§ **TO DO**
When copying the listing below, skip every picture and keep each word as it stands.
────
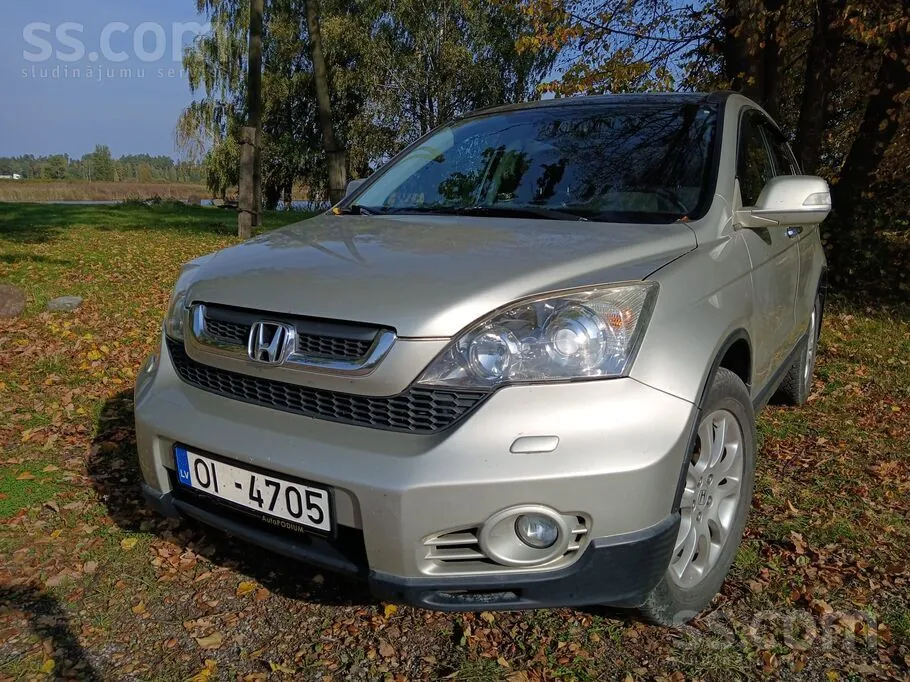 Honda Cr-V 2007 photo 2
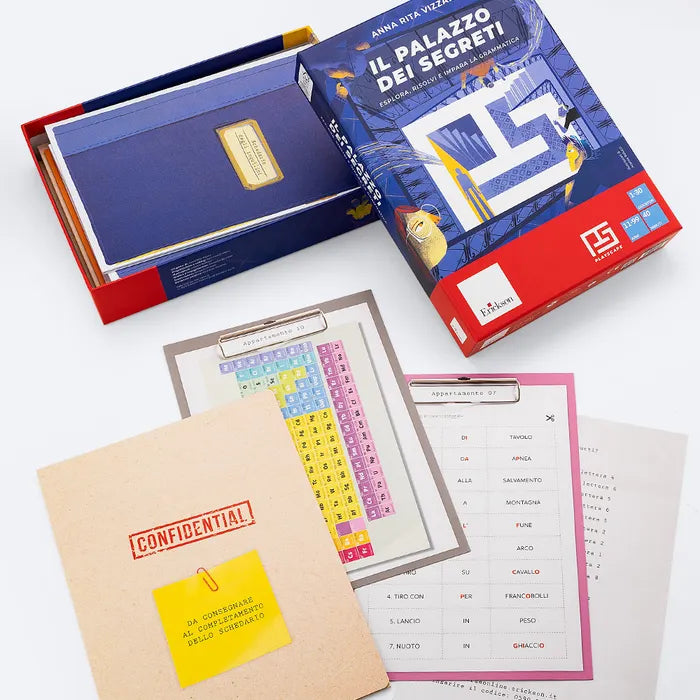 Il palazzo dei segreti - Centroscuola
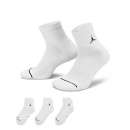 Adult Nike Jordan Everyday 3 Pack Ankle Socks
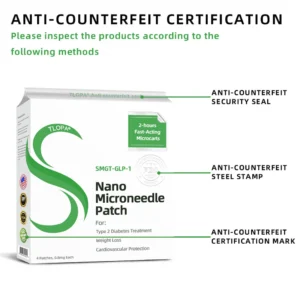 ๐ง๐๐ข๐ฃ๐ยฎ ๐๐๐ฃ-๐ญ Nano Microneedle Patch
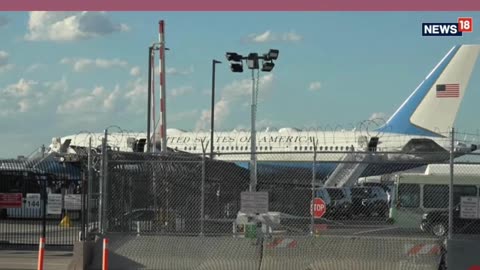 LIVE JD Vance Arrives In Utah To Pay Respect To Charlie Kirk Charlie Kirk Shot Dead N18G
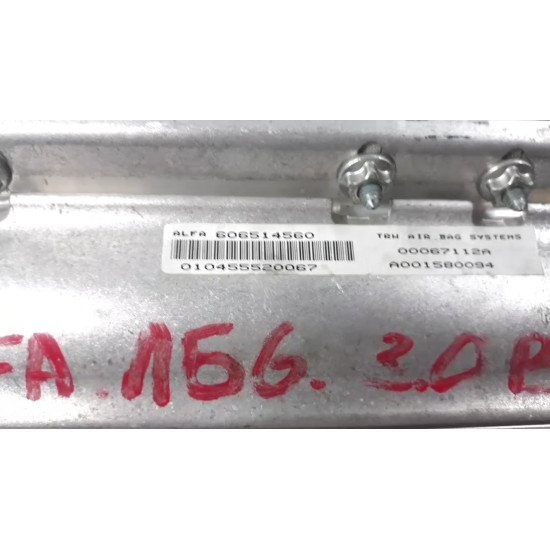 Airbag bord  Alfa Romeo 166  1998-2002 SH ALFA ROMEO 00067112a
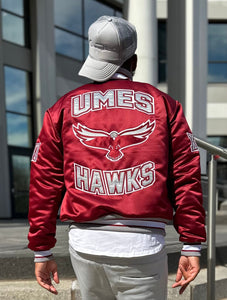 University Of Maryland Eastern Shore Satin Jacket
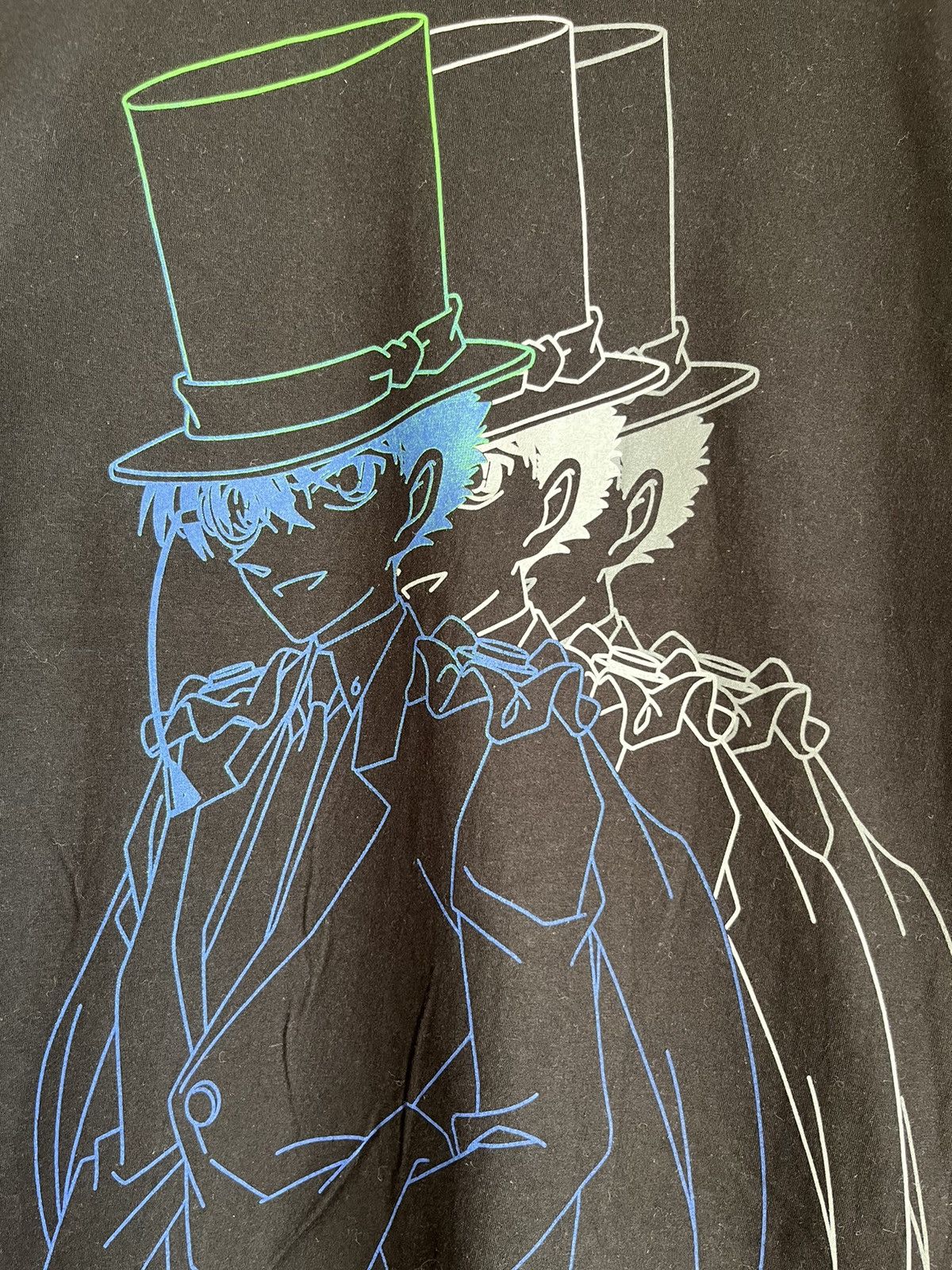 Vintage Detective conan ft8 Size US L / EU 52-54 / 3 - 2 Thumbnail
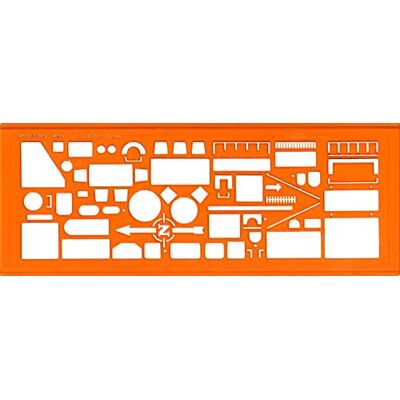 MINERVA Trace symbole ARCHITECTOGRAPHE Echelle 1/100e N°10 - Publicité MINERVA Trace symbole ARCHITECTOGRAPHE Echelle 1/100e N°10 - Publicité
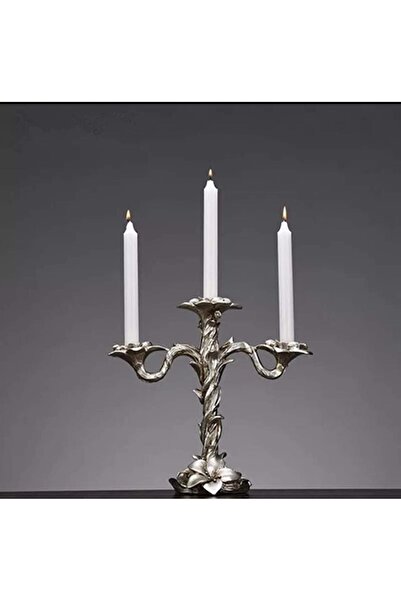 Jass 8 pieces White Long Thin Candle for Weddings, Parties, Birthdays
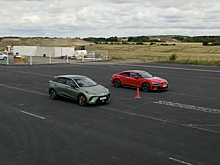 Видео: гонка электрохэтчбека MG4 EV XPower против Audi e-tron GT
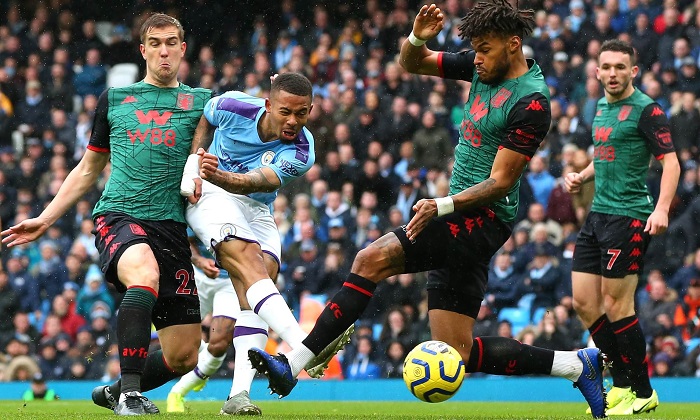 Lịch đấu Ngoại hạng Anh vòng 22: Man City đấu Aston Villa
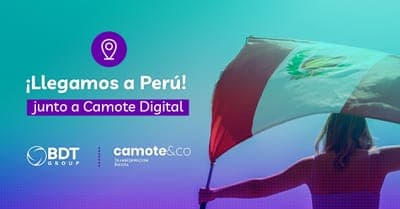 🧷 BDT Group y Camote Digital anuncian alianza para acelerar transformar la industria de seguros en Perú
────
§ **WRITTEN REPLY**
 Honda Cr-V 2007 photo 2
 Il palazzo dei segreti - Centroscuola
 Adult Nike Jordan Everyday 3 Pack Ankle Socks
 ๐ง๐๐ข๐ฃ๐ยฎ ๐๐๐ฃ-๐ญ Nano Microneedle Patch
 LIVE JD Vance Arrives In Utah To Pay Respect To Charlie Kirk Charlie Kirk Shot Dead N18G
 Airbag bord  Alfa Romeo 166  1998-2002 SH ALFA ROMEO 00067112a
 University Of Maryland Eastern Shore Satin Jacket
 Vintage Detective conan ft8 Size US L / EU 52-54 / 3 - 2 Thumbnail
 MINERVA Trace symbole ARCHITECTOGRAPHE Echelle 1/100e N°10 - Publicité MINERVA Trace symbole ARCHITECTOGRAPHE Echelle 1/100e N°10 - Publicité
 Jass 8 pieces White Long Thin Candle for Weddings, Parties, Birthdays
 Видео: гонка электрохэтчбека MG4 EV XPower против Audi e-tron GT
 Lịch đấu Ngoại hạng Anh vòng 22: Man City đấu Aston Villa
 🧷 BDT Group y Camote Digital anuncian alianza para acelerar transformar la industria de seguros en Perú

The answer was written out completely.